ブックレビュー 一色伸幸著『うつから帰ってまいりました』
ベテラン脚本家の一色伸幸さんの著作『うつから帰って参りました』を読みました。
タイトルの通り、ご自身がうつ病と診断されるまでの経緯、そして、そこから「帰って来るまで」の過程が赤裸々に語られています。
うつ病に関する知識を得たいと思い、勉強のつもりで読み始めたのですが、「読み物」として非常に引き込まれ、何度も心を揺さぶられました。
また、一色さんの過去作品の発想の過程や、企画成立までの苦労、制作中の裏話的なことも多く盛り込まれていて、脚本家志望の人が読んでも学ぶところが多いと思います。
人生のA面といえる幸福の数々を諭せば自殺を思いとどまると考える人がいる。難病にかかった人のドキュメンタリーを見せて、命の大切さを教えようとする人もいる。 うつ病患者には、時間の無駄だ。それで死を思いとどまるなら、その”治療”はがんにも心臓病にも有効なはずだ。
ここに書かれているようなことを、当事者でない人は、つい考えてしまいそうですよね。
「体が悪いわけじゃないんだから」
「心の問題なんだし、少し考え方を変えれば解決するのでは?」等々……。
身近な人に対して「早く元気になってほしい」と、もどかしく感じている程、こういった思い込みに捉われてしまいそうな気がします。
さらに、よく耳にする「うつは心の風邪」という言葉に一色さんは異を唱えています。
『うつから帰って参りました』を読んで、多くのメディアの方が取材やインタビューに来てくださった。彼らの家族や友人、あるいはご本人がうつ病に苦しんでいることも少なくなかった。彼らとの対話を経て、最後に書き足しておきたいのは、この一行だけである。
――――うつ病は、心のがん。
僕自身も本書の中で、うつを心の風邪と記述している。誰でもかかる可能性があるという点では風邪と同じだが、風邪は治癒に数年を要さないし、ましてや命を奪うことは滅多にない。
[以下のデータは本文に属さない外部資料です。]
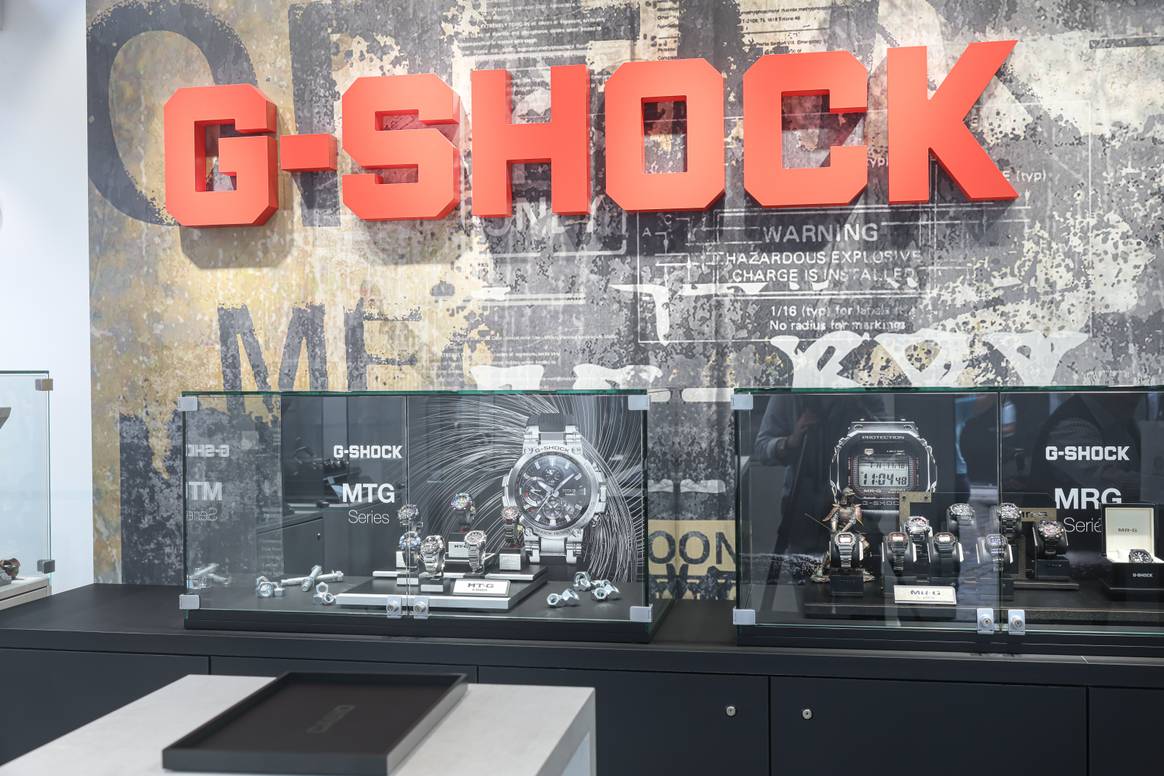 G-Shock Store in Trier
患者自身が、どこかで気持ちの問題だとなめている。この本にも書いたし、多くの専門家も言うように、うつ病は気のせいなどではなく、心の病気でもない。いまだに原因が不明の脳の疾病(ウィルス説を唱える学者さえいる)で、がんと同じように命を奪うことが珍しくない。しかし、時間はかかるけど、正しい対処をすれば普通に戻れる。そのことを患者本人と、それ以上に、ただ気をもむしかない周囲の人に知ってもらいたい……本書を書こうと思った動機は、この一念だった。
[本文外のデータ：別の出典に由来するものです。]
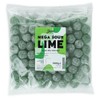 Just Treats Mega Sour Lime 500g Share Bag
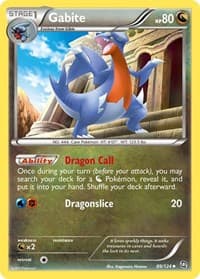 Gabite (89) - Dragons Exalted - Pokemon card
この引用部分を読めただけでも、一冊読み切っただけの価値は十分あると思います。
そして、脚本家として一番グッと来たのは、この部分。
僕が妥協をしなかったばかりに、無期延期という名の中止の憂き目を見た映画が、何本か、ある。 二十六歳のときに誕生した頑固でわがままな若造は、丸くなろう、寛容にならなければという努力にもかかわらず、いまだに成長し切れず、いちずな中年になってしまった。融通のきかなさに自分で手こずることもある。それでも僕は、「面白ければいいじゃないですか」 という松土プロデューサーの心意気を、いまも忘れられないでいる。
そもそも、面白くありたくて就いた仕事なのだ。
そう。私にとっても「面白くありたくて就いた仕事」のはず。
最近、ちょっとそのことを忘れかけていたような気がして、ハッとしました。